## EXERCISE
From the line containing "MARC JACOBS Baby Boys Blue Bag Baby Romper" through the last line of the records below, output every line exactly as it appears, but leave out the pictures.

***

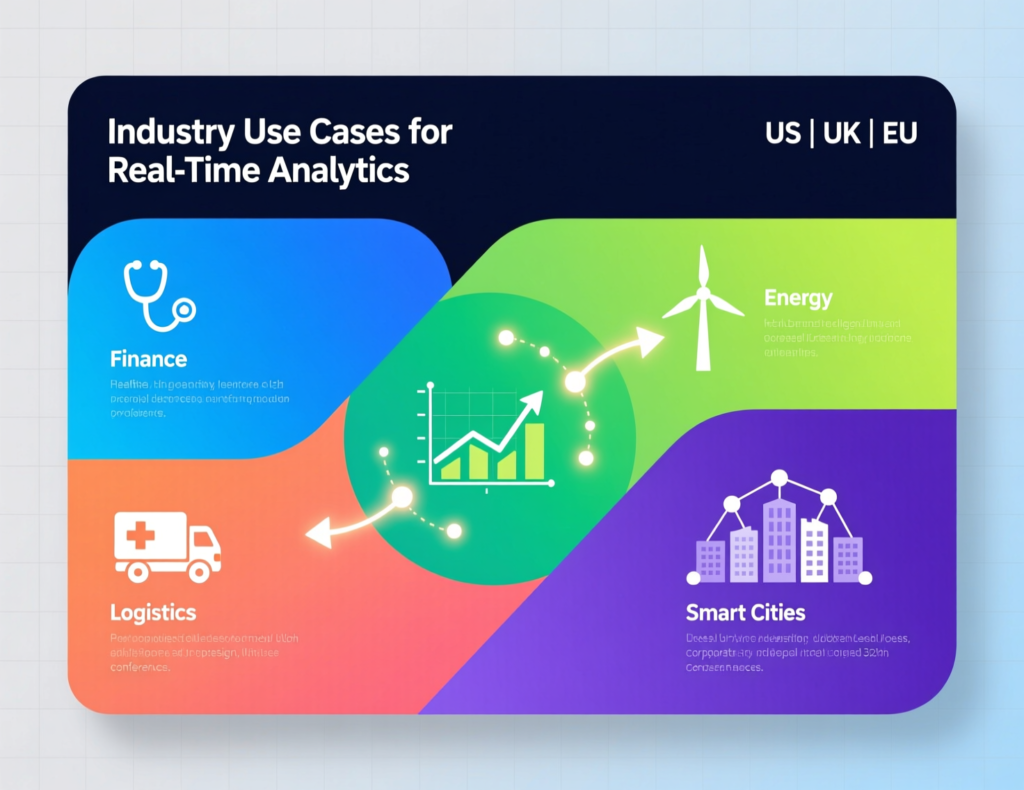 Real-time analytics and batch processing use cases across US, UK and EU industries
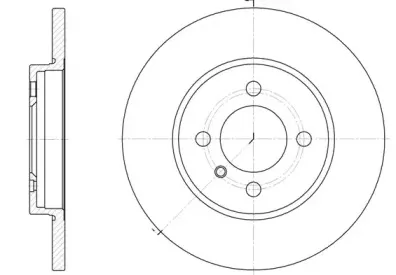 6058.00 REMSA Тормозной диск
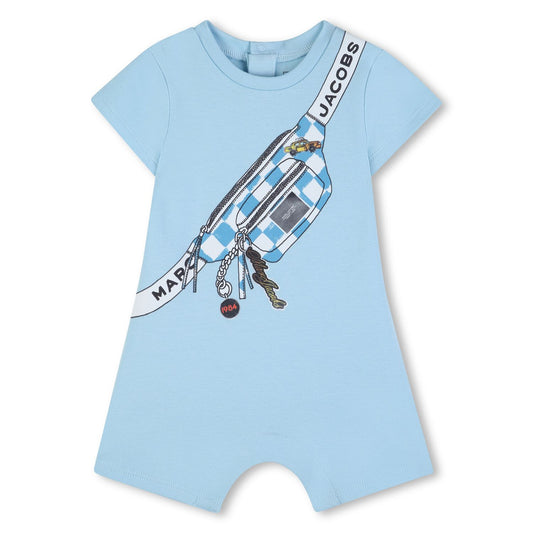 MARC JACOBS Baby Boys Blue Bag Baby Romper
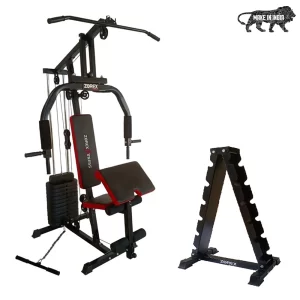 ZOREX HGZ-1004 HOME GYM MACHINE COMBO WITH ZF-107 DUMBBELL RACK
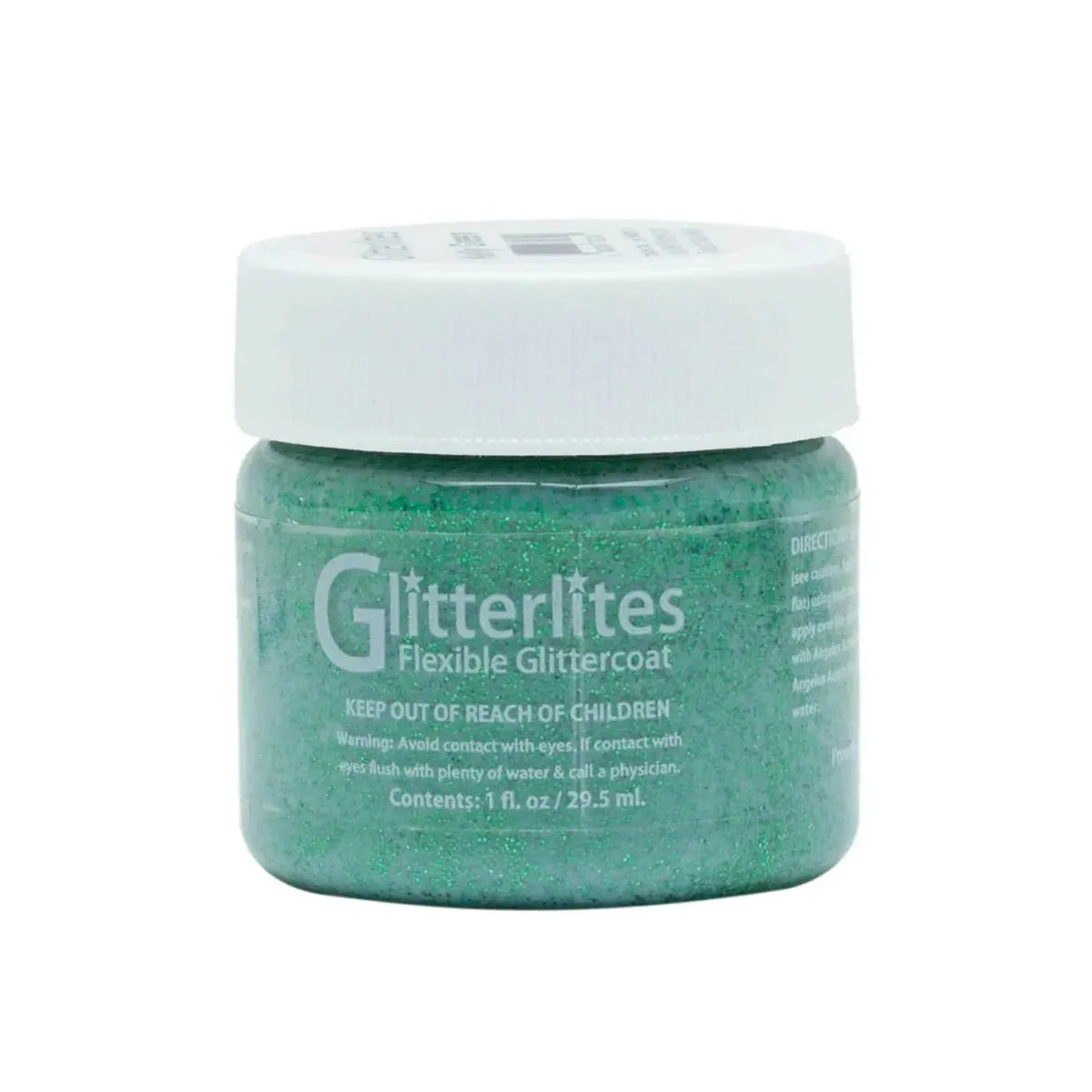 Angelus Glitterlites Kelly Green : peinture pour cuir à paillettes vert Kelly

***

## TASK OUTPUT
 MARC JACOBS Baby Boys Blue Bag Baby Romper
 ZOREX HGZ-1004 HOME GYM MACHINE COMBO WITH ZF-107 DUMBBELL RACK
 Angelus Glitterlites Kelly Green : peinture pour cuir à paillettes vert Kelly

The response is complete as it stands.